Ce sera l’impérissable honneur de la reine Victoria que son nom demeure attaché à l’édification d’un système politique original et grandiose — l’empire britannique — en même temps qu’à un essai prolongé de redressement moral. Que cette dernière tentative paraisse avoir finalement échoué ne doit pas rendre injuste envers les artisans d’un noble effort. À vrai dire, l’Angleterre du début du xixme siècle avait singulièrement besoin qu’on la régénérât. Maintenue et comme galvanisée par la lutte acharnée qu’elle avait fournie contre Napoléon Ier, elle y avait acquis des énergies appréciables mais qu’animait un matérialisme égoïste et étroit. La lutte terminée, il avait semblé que la nation ne connut plus de directives, n’eût plus de mandat à exercer, rien que des appétits individuels à satisfaire. La royauté, le parlement, l’Église, les classes possédantes se montraient également déchues. L’amoralisme commençait de se manifester dès le collège ; la vie publique et la vie privée en étaient imprégnées. Aucun remède apparent. Depuis l’émancipation américaine, nul ne croyait à l’avenir colonial ; celui de la mère-patrie elle-même n’inspirait qu’une confiance mitigée. À peine si, au milieu de la corruption ambiante se dressaient çà et là quelques isolés pour qui le bien public n’était pas un vain mot et que leur force de caractère incitait à résister à l’abaissement général. Ceux-là ne pouvaient oublier qu’un William Pitt[1] leur avait, à travers les plus tragiques péripéties, donné un magnifique exemple de persévérance et de sang-froid.

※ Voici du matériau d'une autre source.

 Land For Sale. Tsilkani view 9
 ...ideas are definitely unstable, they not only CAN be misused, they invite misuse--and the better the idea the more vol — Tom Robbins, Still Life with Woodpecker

  1. William Pitt appelé au pouvoir en 1784 avait commencé aussitôt d’améliorer les conditions financières déplorables engendrées par la guerre d’Amérique. En deux ans il avait réussi à réduire d’un quart environ les dépenses publiques et à accroître les recettes de près d’un tiers ; le budget de 1790 avait été présenté en équilibre et le cours du 3 % descendu à 56 s’était relevé à 97. Appuyer la politique sur les affaires sans perdre de vue les intérêts des masses répondait à son instinct. Mais la destinée l’en avait détourné en le dressant contre la France révolutionnaire et napoléonienne dont l’action menaçait la fortune de l’Angleterre en même temps que ses principes politiques. Il soutint l’aventure avec conviction mais non sans déplaisir car l’œuvre rénovatrice à laquelle il eût voulu s’employer s’en trouvait compromise. Une fois son parti pris, il fit preuve d’une énergie et d’une ténacité indomptables. Pitt mourut en 1806 affligé par les triomphes de Napoléon mais ne doutant point de leur caractère éphémère.